0

I have this piece of code that is getting 200k entries from the database and afterwards is processing it in batches. What I noticed is that the processBatch (5000 entries per batch) it takes around 3 minutes to process (2 hours processing basically)

I am already using indexes for the database for the entryId to speedup finding entries. What I am wondering is if is possible to have this batch processing somehow maybe running in parallel.

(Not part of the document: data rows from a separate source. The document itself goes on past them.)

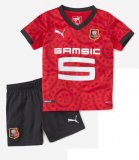 Stade Rennais 1a Equipación 2020/21 - NIÑOS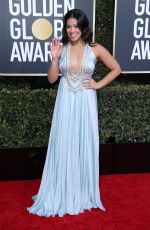 GINA RODRIGUEZ at 2019 Golden Globe Awards in Beverly Hills 01/06/2019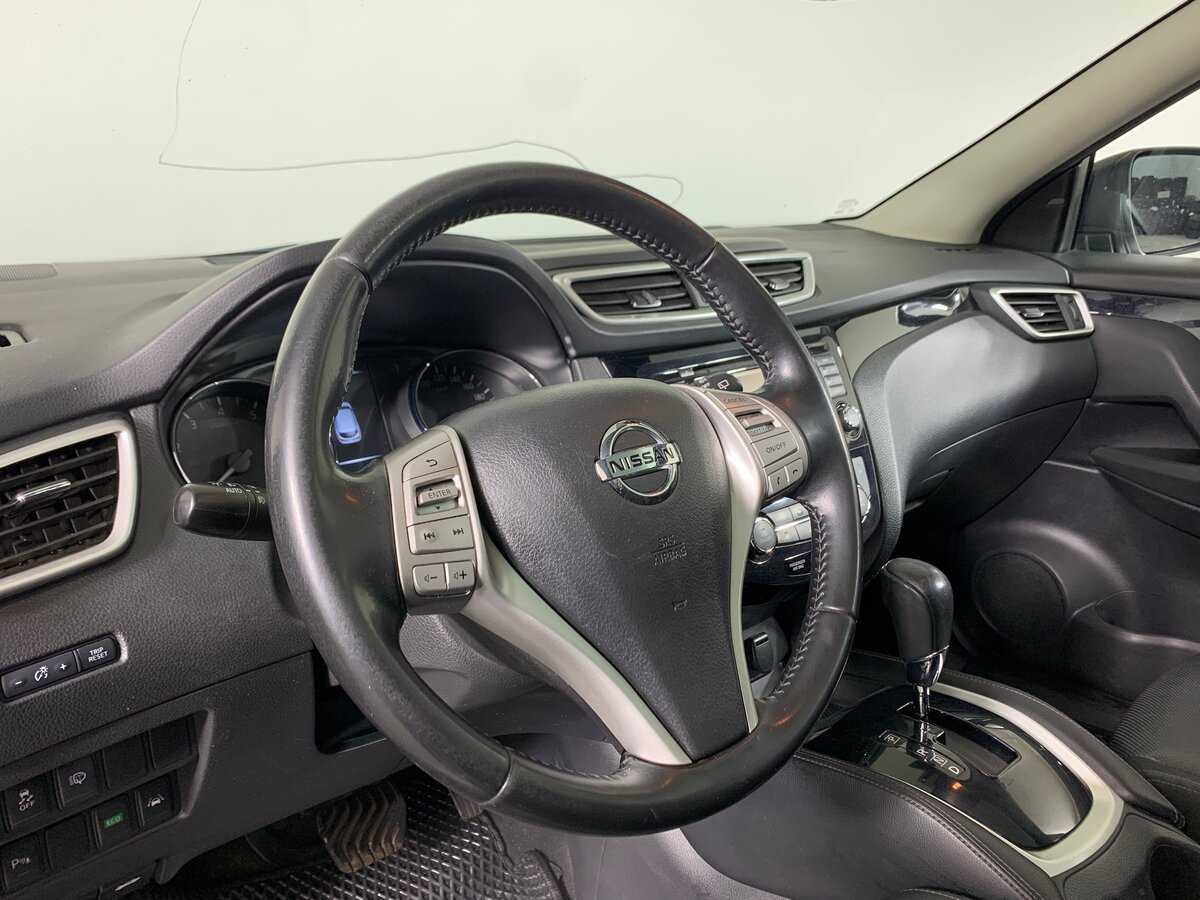 Nissan Qashqai, 2017 Фото №11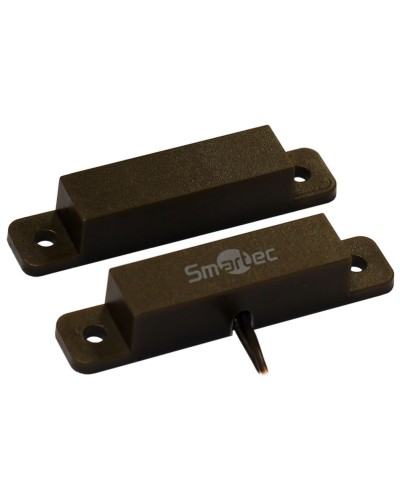 ST-DM120NC-BR. Извещатель охранный точечный магнитоконтактный. Smartec в Мытищах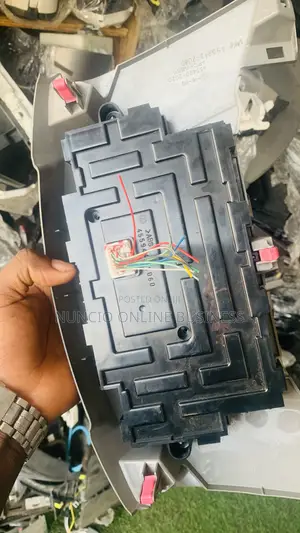 Toyota RAV4 2008 Ac Switch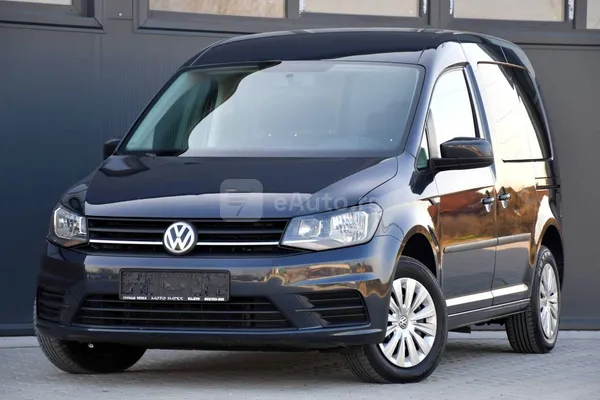 Volkswagen Caddy — polovni automobil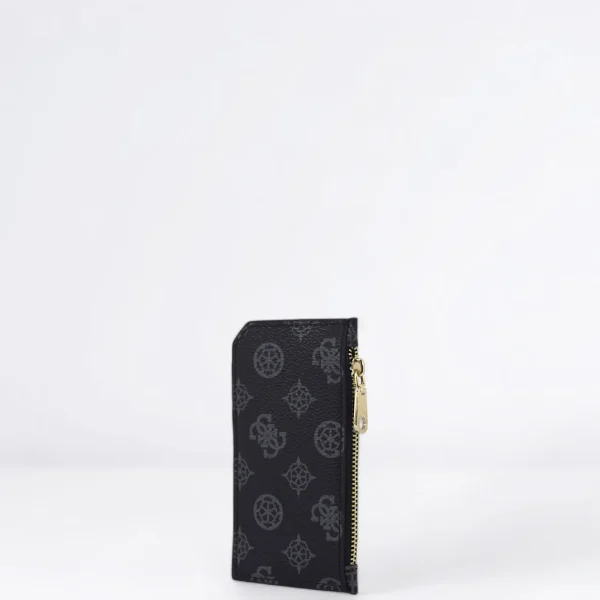 Donna GUESS Porta Card logato Col.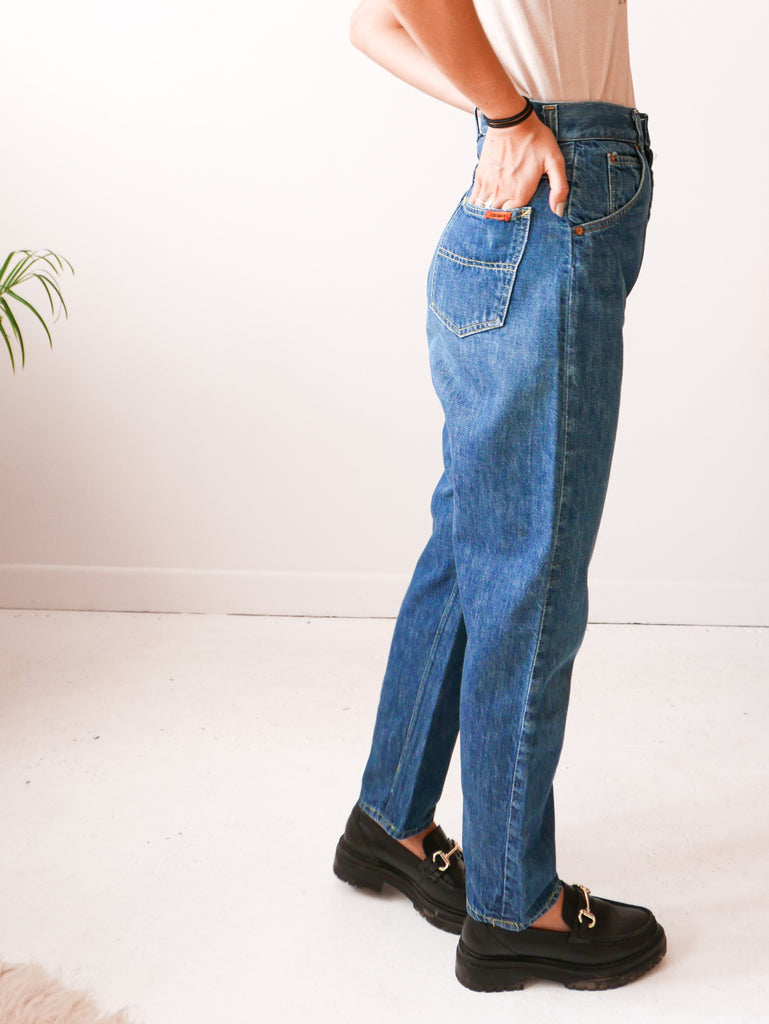 1960's JC Penney Foremost Denim Jeans – Carny Couture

If is not clear I would gladly refactor the question


         Stream<X> streams= repository
                .streamBySourceFileCreationDate(getDateFromFilename(sourceFileName));

        int batchSize = properties.getBuildOutput().getSize();
        List<OutX> built = new ArrayList<>();

        Iterators.partition(streams.iterator(), batchSize)
                .forEachRemaining(list -> processBatch(list, built));

   private void processBatch(List<X> list, List<OutX> built) {
        list.stream().map(m -> {
                X xEntry = repository
                        .findLatestUpdateById(m.getEntryId());
                if (xEntry == null) {
                    return null;
                }
                XOut out = buildXOut(x);
                return out;
        }).filter(Objects::nonNull).forEach(built::add);
}

UPDATE 1: I tried like this to update the first part and this reduced the processing to around 25 min. Any other suggestion maybe how to make this faster ?

List<x> lists = repository
              .findBySourceFileCreationDate(getDateFromFilename(sourceFileName));

int batchSize = properties.getBuildOutput().getSize();
        List<OutX> built = new ArrayList<>();// Should I use maybe a vector for thread safe ? 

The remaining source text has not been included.